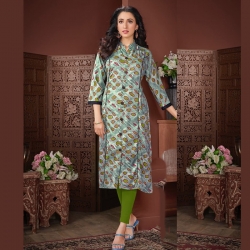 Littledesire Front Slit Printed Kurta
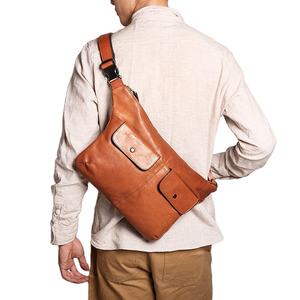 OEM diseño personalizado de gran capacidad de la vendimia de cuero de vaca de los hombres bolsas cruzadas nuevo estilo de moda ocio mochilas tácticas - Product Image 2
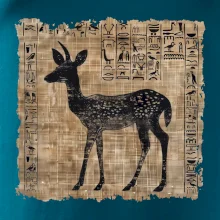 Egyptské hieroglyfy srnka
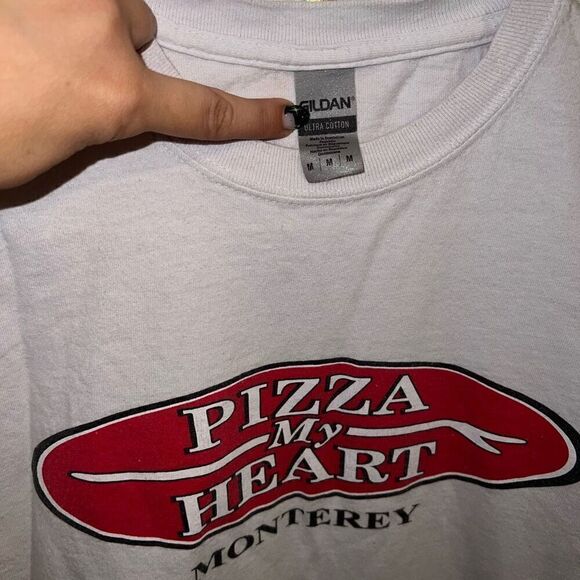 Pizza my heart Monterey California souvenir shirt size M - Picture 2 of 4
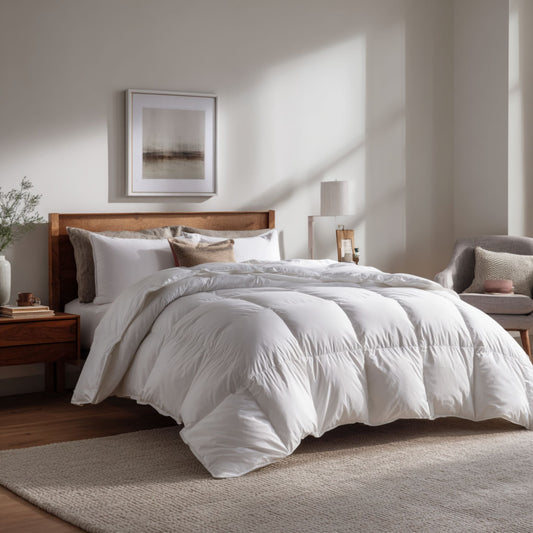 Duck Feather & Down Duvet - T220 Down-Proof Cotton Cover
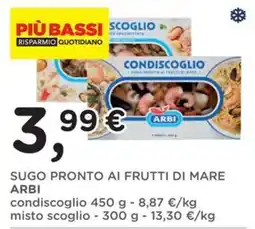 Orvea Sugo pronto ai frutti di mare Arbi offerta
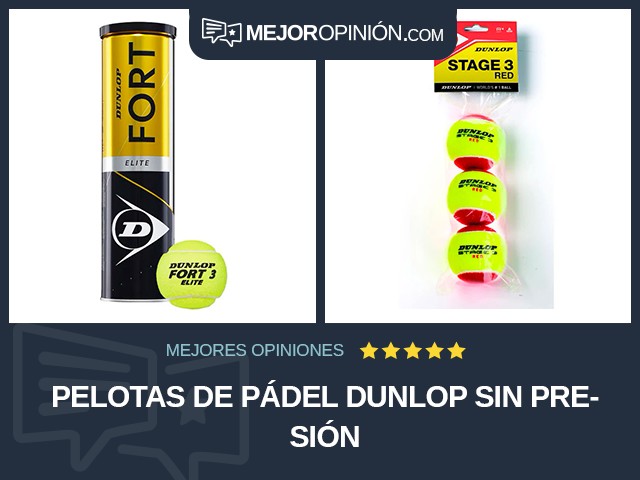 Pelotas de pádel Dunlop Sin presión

----

§ Task description:
Leave every image out when you return the material above word for word.

§ Final answer:
 Littledesire Front Slit Printed Kurta
 OEM diseño personalizado de gran capacidad de la vendimia de cuero de vaca de los hombres bolsas cruzadas nuevo estilo de moda ocio mochilas tácticas - Product Image 2
 Egyptské hieroglyfy srnka
 Pizza my heart Monterey California souvenir shirt size M - Picture 2 of 4
 Duck Feather & Down Duvet - T220 Down-Proof Cotton Cover
 Orvea Sugo pronto ai frutti di mare Arbi offerta
 Pelotas de pádel Dunlop Sin presión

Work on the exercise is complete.